Mia nonna ha questa abitudine di incontrarsi con le sue amiche al cimitero, o a dire il rosario il
venerdì, o al bar a prendere un buon tè con biscotti, o ancora occasionalmente per un pranzo al
ristorante del paese. Dopo due anni di isolamento completo, senza quasi nemmeno sapere se le tue
amiche stanno bene, e d’altronde si sa, in un piccolo paese le voci girano e si gonfiano per ogni bocca
su cui si posano e mai che degenerino in positivo, insomma dopo tutto questo non si può nemmeno
troppo biasimare se il primo allentamento delle norme è stato per loro un liberi tutti.
Per tutti questi fattori, lo xiao e la pietas e la φιλία verso i genitori si devono cercare con la lente di
ingrandimento. I giovani sono a caccia di lavoro e i vecchi, anche quando ne avrebbero la possibilità,
restano bene aggrappati alle loro scrivanie perché io di sicuro svolgo il mio compito meglio di un
novellino e il capo ha bisogno di me e poi guardami, sono ancora arzillo, cosa farei in casa tutto il
giorno? Tutto per non dire che per molti il lavoro è l’unico elemento della loro vita che li fa sentire
utili, che comprendono bene di non avere futuro come anziano senza denominazione ulteriore, che
staccarsi dal lavoro è come arrendersi al baratro della casa di riposo che è sempre più vicino, sempre
più vicino.
E poi, parliamoci chiaro, andare in pensione non conviene più.

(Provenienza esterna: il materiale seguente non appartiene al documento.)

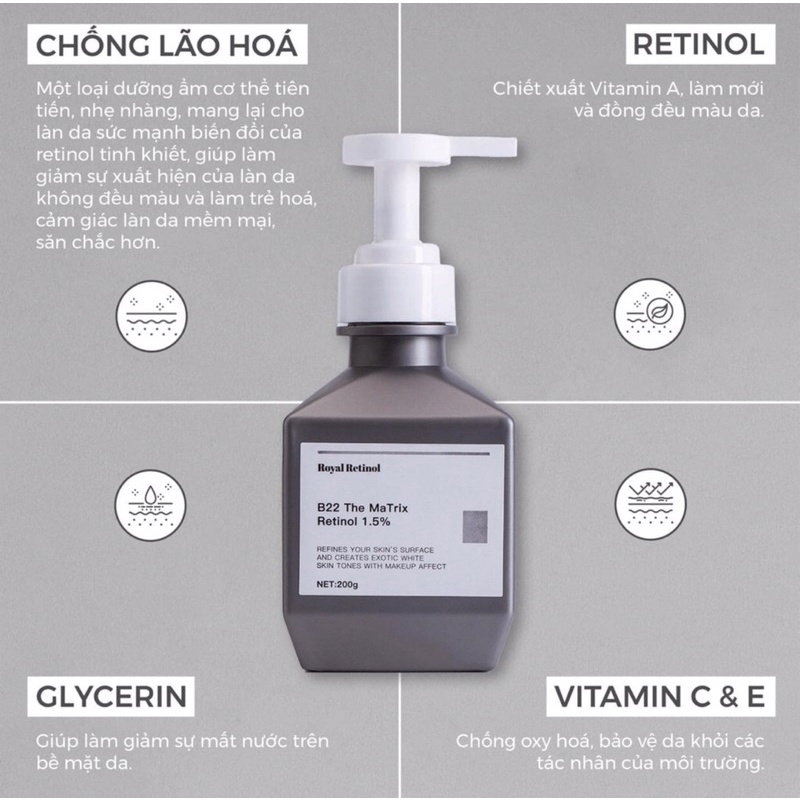 Kem Body Royal Retinol B22 the Matrix Retinol 1.5%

Un impiegato medio non riceve
nemmeno mille euro, i prezzi salgono ma così non fanno i compensi, e a questo punto meglio
sfiancarsi fino a quando si è ancora lucidi che rischiare di avere le bollette in arretrato.

Per la prima volta, vecchi e giovani litigano per la stessa cosa, una commedia plautina che però non fa
ridere perché in gioco c’è la sopravvivenza per entrambe le parti, e perciò nessuna delle due si può
biasimare.
I giovani odiano i vecchi perché non si vogliono levare di torno, i vecchi odiano i giovani perché si
sentono sfidati e sanno di non avere chance di successo.
Enzo Bianchi sottolinea nel suo libro le paure più grandi degli anziani: la fragilità progressiva,
l’indebolimento del corpo, anni in preda ad acciacchi più o meno gravi e scanditi da estenuanti
controlli ospedalieri periodici. Questi disagi fisici possono causare la perdita dell’autosufficienza, e un
anziano non potrebbe tollerare di finire in una casa di riposo solo perché le gambe non gli funzionano
più tanto bene, o peggio ancora di trovarsi uno sconosciuto in casa, perché si sa con l’età si diventa
più sospettosi. La solitudine, sia in quanto abbandono dei figli che in quanto morte di sempre più
amici, fratelli, cugini, insomma persone con cui hai passato tutta la vita e senza cui una nuova fase di
questa vita semplicemente non è concepibile, solo un pieno stroncato da un improvviso vuoto.
Sopra tutto, lo spettro della mente in declino.
Non avere il controllo sulla propria vescica è sì imbarazzante, ma perdere se stessi è un tipo tutto
diverso di angoscia. Non avere consapevolezza di cosa ti succederà, perdere anche l’ultima qualità che
ti è consentito avere: la ragione.
Oggi la parola “vecchio” viene censurata, come fosse oscena. Si usano attenuanti come “anziano”,
designazioni come “over 60”, perifrasi come “persona della terza età”, fino a toccare eufemismi
piuttosto imbarazzanti come “diversamente giovane”.
In cinese, il vecchio si chiama lăo (老). Non anziano: proprio il vecchio. Ma la parola viene
specialmente usata nei suoi composti, che non rappresentano insulti o tentativi di sminuire, anzi: la
tigre viene chiamata lăo, così l’insegnante, la guida, il capo, il mentore. Vecchio non come
“decrepito”, “idiota”, ma come “venerando”. Amato e temuto.
Ecco, forse dovremmo vedere la parola vecchio come l’ideogramma lăo, e non come il Caronte
dantesco. Soprattutto, ricominciare a chiamare i vecchi con il loro nome.
Solo nominando le persone si restituisce loro un valore.